### TASK OBJECTIVE
Below are some entries. Transcribe the lines from the one holding "kitchen featuring glass" to the one holding "Picture of a", inclusive, but not the pictures among them.

### MATERIAL FOR THE TASK
********************

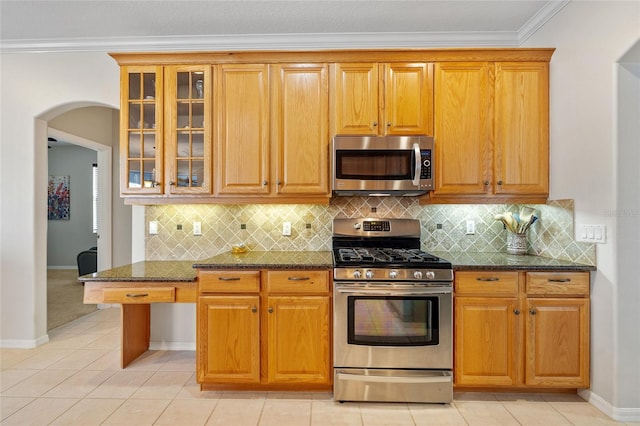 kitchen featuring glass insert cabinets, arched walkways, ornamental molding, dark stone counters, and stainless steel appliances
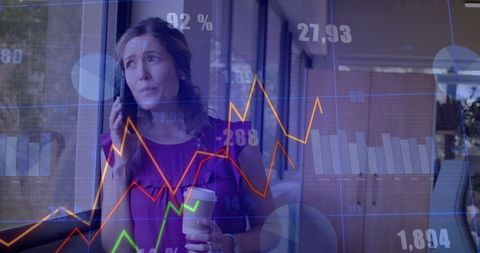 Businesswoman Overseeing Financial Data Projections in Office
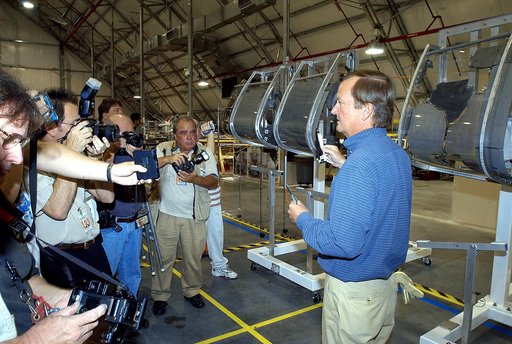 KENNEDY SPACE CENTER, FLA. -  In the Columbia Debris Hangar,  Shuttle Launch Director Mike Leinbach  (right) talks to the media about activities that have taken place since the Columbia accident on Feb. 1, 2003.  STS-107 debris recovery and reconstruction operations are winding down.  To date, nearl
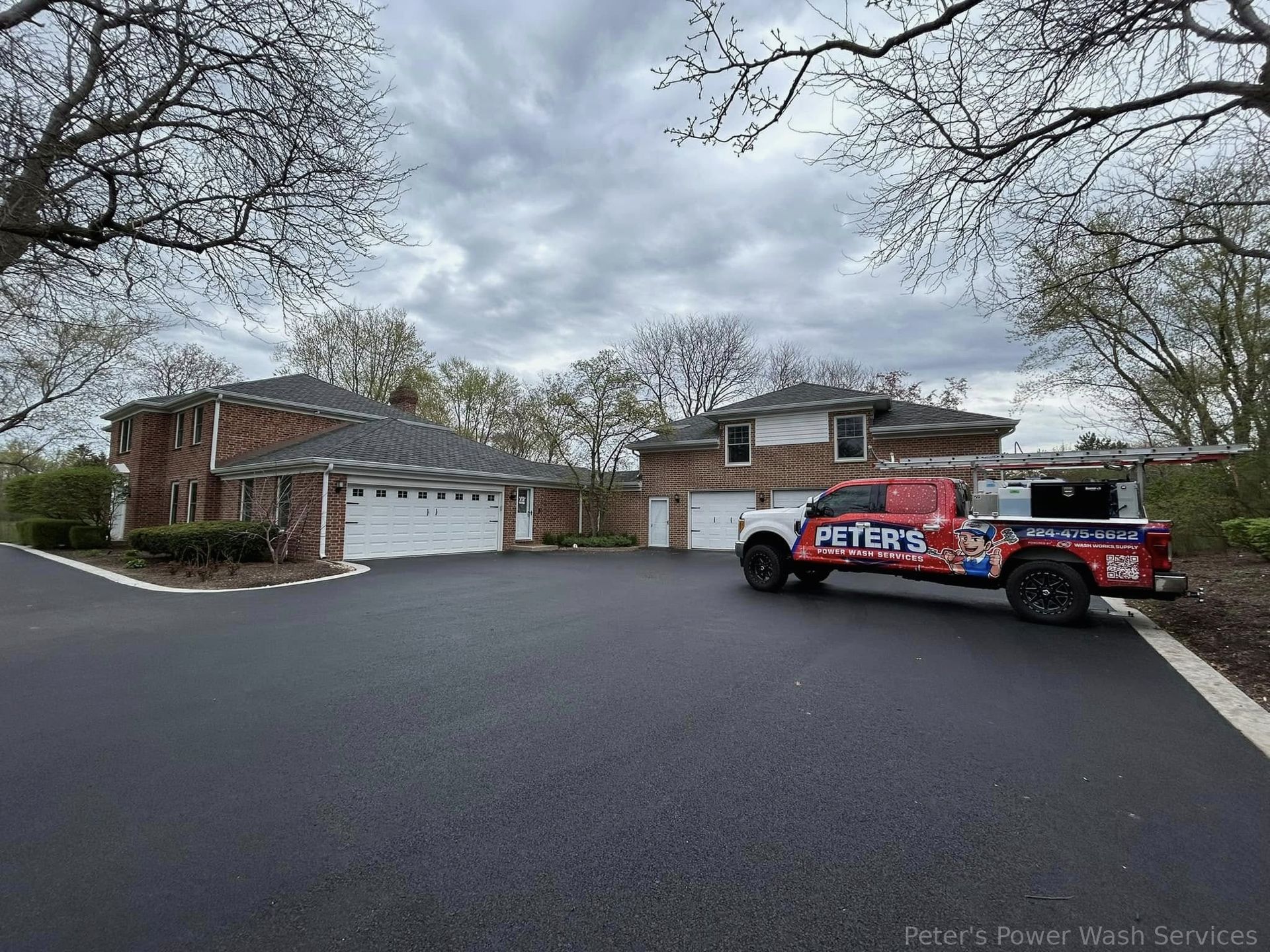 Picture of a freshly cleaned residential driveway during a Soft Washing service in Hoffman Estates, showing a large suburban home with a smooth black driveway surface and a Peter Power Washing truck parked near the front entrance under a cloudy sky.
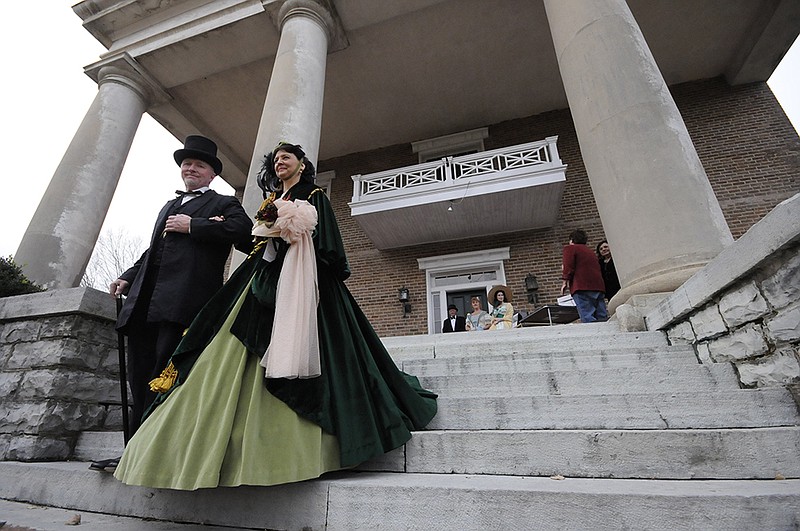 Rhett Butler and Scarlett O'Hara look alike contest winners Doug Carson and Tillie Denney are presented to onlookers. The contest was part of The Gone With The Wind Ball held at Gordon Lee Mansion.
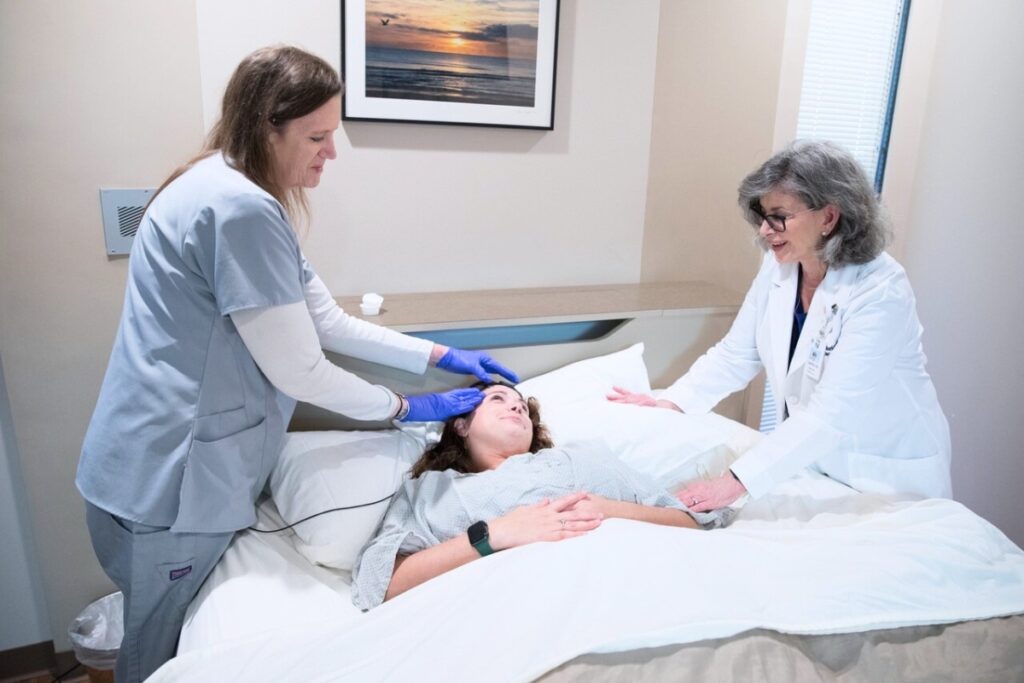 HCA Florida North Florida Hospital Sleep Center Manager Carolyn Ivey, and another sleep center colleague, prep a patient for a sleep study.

********************

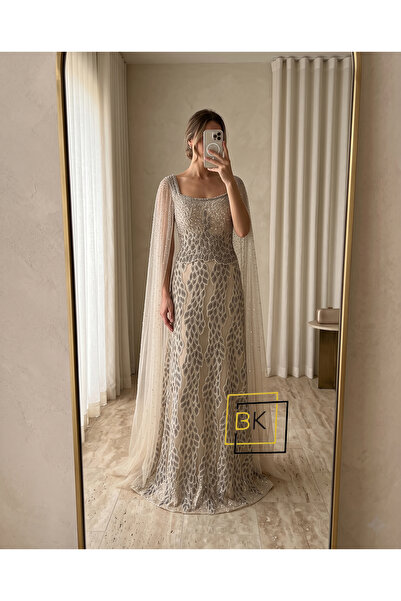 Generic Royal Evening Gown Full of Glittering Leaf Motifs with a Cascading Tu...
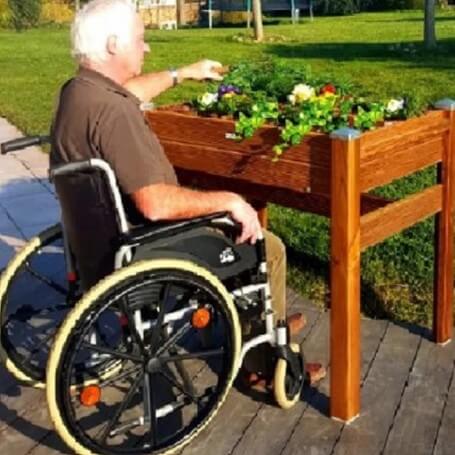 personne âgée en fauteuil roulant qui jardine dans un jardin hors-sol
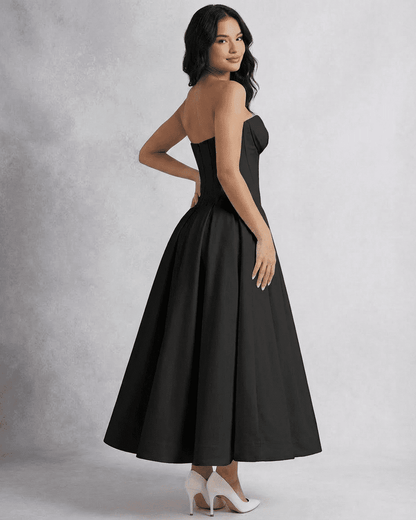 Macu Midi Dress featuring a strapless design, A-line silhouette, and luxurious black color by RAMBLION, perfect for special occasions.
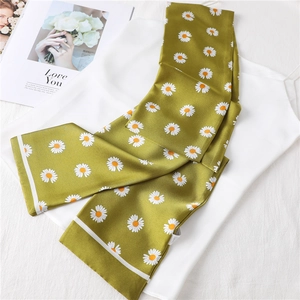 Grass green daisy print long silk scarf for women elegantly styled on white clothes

********************

### RESPONSE TO THE TASK
 kitchen featuring glass insert cabinets, arched walkways, ornamental molding, dark stone counters, and stainless steel appliances
 Businesswoman Overseeing Financial Data Projections in Office
 KENNEDY SPACE CENTER, FLA. -  In the Columbia Debris Hangar,  Shuttle Launch Director Mike Leinbach  (right) talks to the media about activities that have taken place since the Columbia accident on Feb. 1, 2003.  STS-107 debris recovery and reconstruction operations are winding down.  To date, nearl
 Picture of a freshly cleaned residential driveway during a Soft Washing service in Hoffman Estates, showing a large suburban home with a smooth black driveway surface and a Peter Power Washing truck parked near the front entrance under a cloudy sky.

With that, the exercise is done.